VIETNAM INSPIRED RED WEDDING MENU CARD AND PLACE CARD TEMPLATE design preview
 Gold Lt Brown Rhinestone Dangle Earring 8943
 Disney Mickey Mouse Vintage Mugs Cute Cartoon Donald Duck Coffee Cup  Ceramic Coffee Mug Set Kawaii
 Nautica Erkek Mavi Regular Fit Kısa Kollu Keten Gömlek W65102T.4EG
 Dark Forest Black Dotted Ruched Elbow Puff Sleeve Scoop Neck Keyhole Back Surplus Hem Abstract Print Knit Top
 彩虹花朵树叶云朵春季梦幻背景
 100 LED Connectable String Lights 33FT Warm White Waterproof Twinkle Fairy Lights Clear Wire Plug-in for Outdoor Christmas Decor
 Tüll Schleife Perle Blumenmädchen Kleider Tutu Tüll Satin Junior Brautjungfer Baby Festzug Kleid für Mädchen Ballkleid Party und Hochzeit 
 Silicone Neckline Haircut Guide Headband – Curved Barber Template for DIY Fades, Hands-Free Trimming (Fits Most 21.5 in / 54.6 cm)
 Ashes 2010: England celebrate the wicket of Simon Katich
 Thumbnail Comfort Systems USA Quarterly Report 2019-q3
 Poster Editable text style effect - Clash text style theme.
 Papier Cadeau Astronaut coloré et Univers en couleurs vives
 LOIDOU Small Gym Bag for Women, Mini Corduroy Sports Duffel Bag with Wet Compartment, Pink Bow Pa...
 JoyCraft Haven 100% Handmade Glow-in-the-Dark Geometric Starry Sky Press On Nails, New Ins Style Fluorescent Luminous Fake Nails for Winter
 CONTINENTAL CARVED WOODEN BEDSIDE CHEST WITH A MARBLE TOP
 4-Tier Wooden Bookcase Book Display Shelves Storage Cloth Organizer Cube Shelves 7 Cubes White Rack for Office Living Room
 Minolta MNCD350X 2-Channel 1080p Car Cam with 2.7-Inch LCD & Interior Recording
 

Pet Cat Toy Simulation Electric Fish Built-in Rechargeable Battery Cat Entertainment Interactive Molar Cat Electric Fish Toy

•••••

Look above for the line containing "JoyCraft Haven 100%"; copy from it through the last line, exactly, and nothing more.

 JoyCraft Haven 100% Handmade Glow-in-the-Dark Geometric Starry Sky Press On Nails, New Ins Style Fluorescent Luminous Fake Nails for Winter
 CONTINENTAL CARVED WOODEN BEDSIDE CHEST WITH A MARBLE TOP
 4-Tier Wooden Bookcase Book Display Shelves Storage Cloth Organizer Cube Shelves 7 Cubes White Rack for Office Living Room
 Minolta MNCD350X 2-Channel 1080p Car Cam with 2.7-Inch LCD & Interior Recording
 

Pet Cat Toy Simulation Electric Fish Built-in Rechargeable Battery Cat Entertainment Interactive Molar Cat Electric Fish Toy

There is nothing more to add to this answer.